Building a business line is the best way to provide you some revenue, but also to make sure that your products are better than everyone else’s, which is going to be an essential component to winning the race at the end of the day.
Has the company had any particularly significant milestones?
The first milestone was putting together the best team. Our scientific advisory board are all heroes of the field, and I’m infinitely thankful for them—not just for what they produce, but for keeping us honest.
The next major milestone was to understand why we’re getting such high fusion rates. Our first experiment essentially demonstrated an order of magnitude higher fusion rate than we expected. This is all unknown physics. Just the fact that we got those high reaction rates was a milestone, and I like to consider that historical because until that point, no private fusion company had ever generated any more than a handful of fusion reactions.
The theoretical basis from Professor Hora that hydrogen–boron fusion could be produced was based on the idea of superthermal effects. No one took them terribly seriously, until NIF wrote a paper saying, “actually we’re getting a lot higher reaction rates than we thought, and it’s because of superthermal effects.” The next big step was taking that new understanding and turning that into a new target design. So that was where the notion of the hybrid burn, where we combine compression with the fast ignition, evolved from.
Since then, we’ve started the business lines in lasers and making targets for people. We have sold our first targets to customers. While doing those experiments, we built up a great capability for making our own targets. And again, that’s really about sharpening our capability—if you’re holding yourself accountable to other customers, you’re always going to be able to perform better than if you’re making targets in your shed.
How would you respond to the skepticism around laser fusion?
My personal belief is really in line with some surveys that the Fusion Industry Association did about when the first fusion energy will be put on the grid. Most people are saying it will be within the decade. Now, that’s not going to be commercial fusion energy—there’s a very big leap between someone putting energy on the grid and a commercial fusion building a large-scale industry. So there will be a lot of time between energy on the grid and global deployment.

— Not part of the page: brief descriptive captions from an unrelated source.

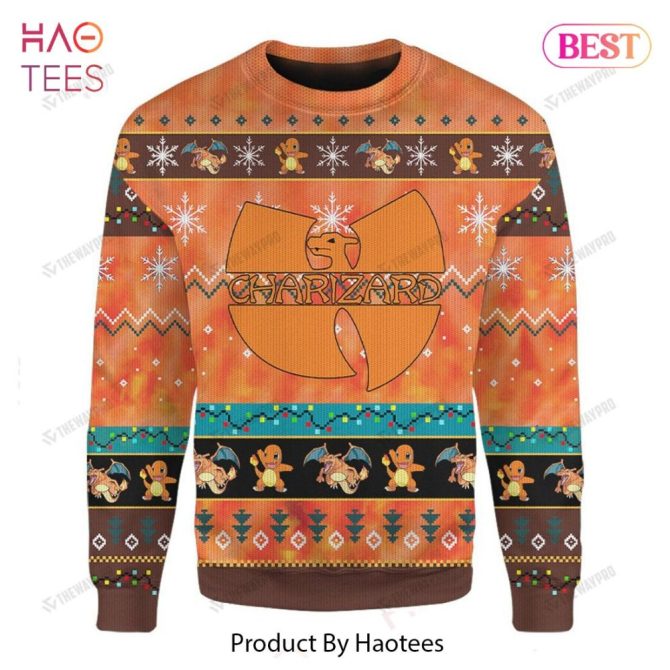 Charizard Pokémon Ugly Christmas Sweater – Festive Holiday Gift For Fans! - Image 5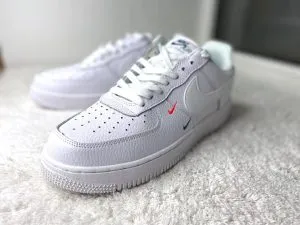 Кеды Nike Air Force Low White Pink-Blue Swoosh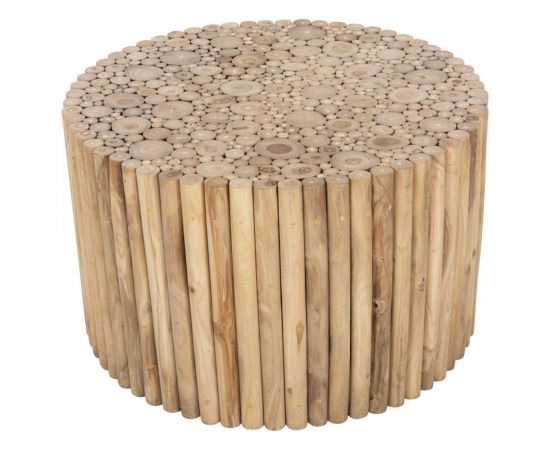 ΤΡΑΠΕΖΙ ΣΑΛΟΝΙΟΥ ΣΤΡΟΓΓΥΛΟ COOTER HM9863 ΚΛΑΔΙΑ TEAK-ΦΥΣΙΚΟ Φ80x50Υεκ. - ΤΡΑΠΕΖΑΚΙΑ ΣΑΛΟΝΙΟΥ στο Milonadakis.gr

But thinking really long term, there aren’t really any other options for energy, so fusion has to happen. Even with fossil fuels, they’ll run out at some point, and if we’re going to go through an energy transition, we really need another energy source in the second half of the century. The mindset of the scientific community in regards to laser fusion is living in the mindset of the small budgets and academic speed that many have seen traditionally, and it is a function of the resources that they’re given, so there’s where some skepticism arises.
But if the community as a whole can reduce the risk and give some certainty, the potential for enormous amounts of money to speed things up really is within reach. There are huge engineering challenges, absolutely. But engineering challenges can be solved with resources. And as time goes by, with the growth of energy-hungry AI and the growing need for additional power, the need to solve these challenges will increase.